WORK ITEM: Starting with the line in which "Blusa texturizada con cuello redondo" appears, give back every line exactly as written until the listing ends, excluding pictures.
----------------------------------------
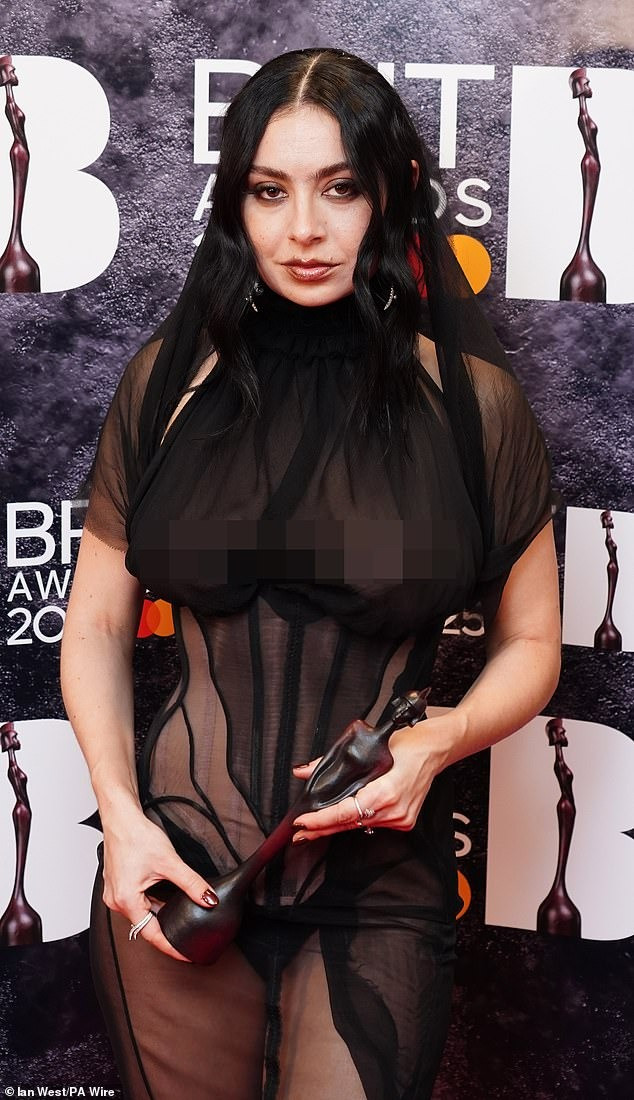 Charli XCX và Maura Higgins táo bạo trên thảm đỏ Brit Award 2025. Ảnh: PA.
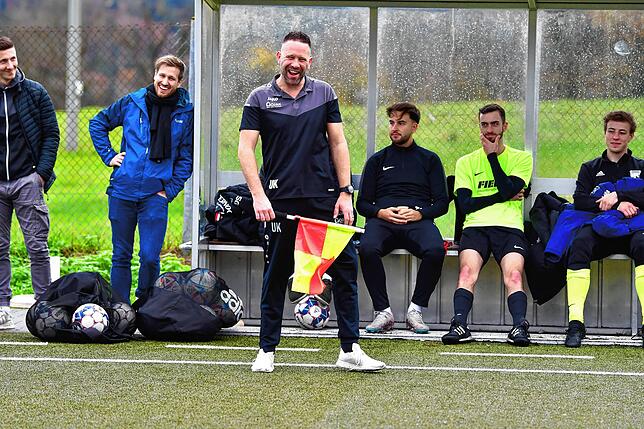 Gute Laune: Nach zuletzt drei Niederlagen ist die Stimmung bei Trainer Urs Keser und der SG FC Wehr/Brennet dank des 3:0 gegen den FC ...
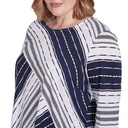 Blusa texturizada con cuello redondo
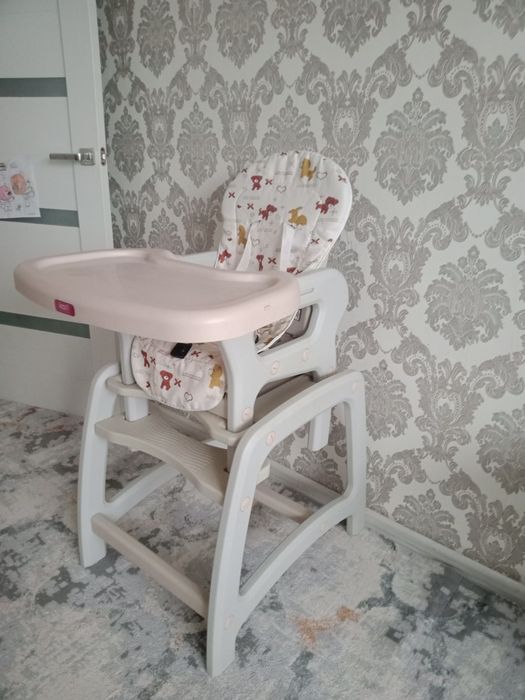 Столик детский в хорошем состоянии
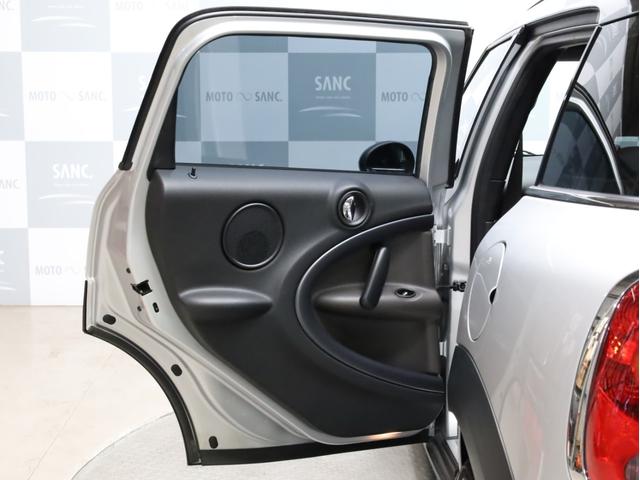 クーパーS クロスオーバー 禁煙車 バイキセノンヘッドライト 18インチアルミホイール 2本出しマフラー リアコーナーセンサー(46枚目)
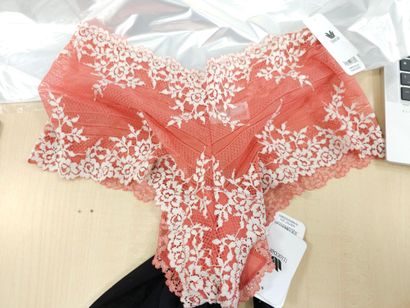 Lot de quatre culottes taille
L
WACOAL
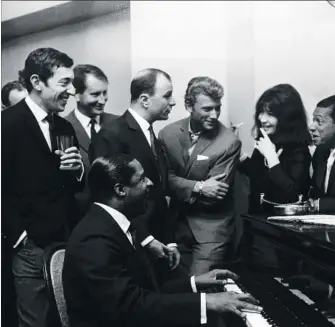  ?? Erroll Garner. ?? Rodeado por
colegas franceses: Gainsbourg, Raynaud, Hallyday,
Gréco y Salvador. París, 1962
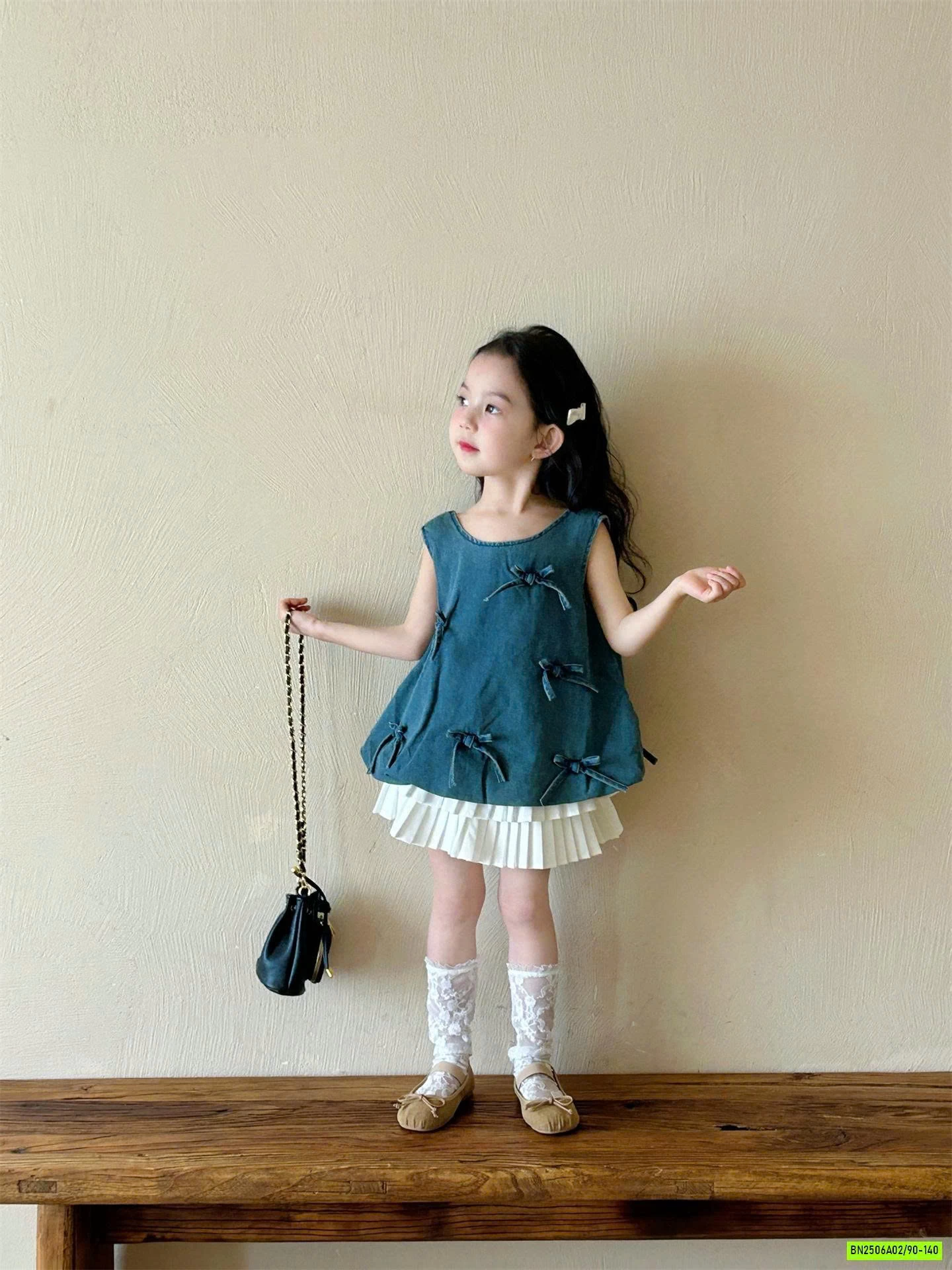 ÁO DENIM SÁT NÁCH GẮN NƠ MIX CV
----------------------------------------
ANSWER TO THE EXERCISE:
 Blusa texturizada con cuello redondo
 Столик детский в хорошем состоянии
 クーパーS クロスオーバー 禁煙車 バイキセノンヘッドライト 18インチアルミホイール 2本出しマフラー リアコーナーセンサー(46枚目)
 Lot de quatre culottes taille
L
WACOAL
  ?? Erroll Garner. ?? Rodeado por
colegas franceses: Gainsbourg, Raynaud, Hallyday,
Gréco y Salvador. París, 1962
 ÁO DENIM SÁT NÁCH GẮN NƠ MIX CV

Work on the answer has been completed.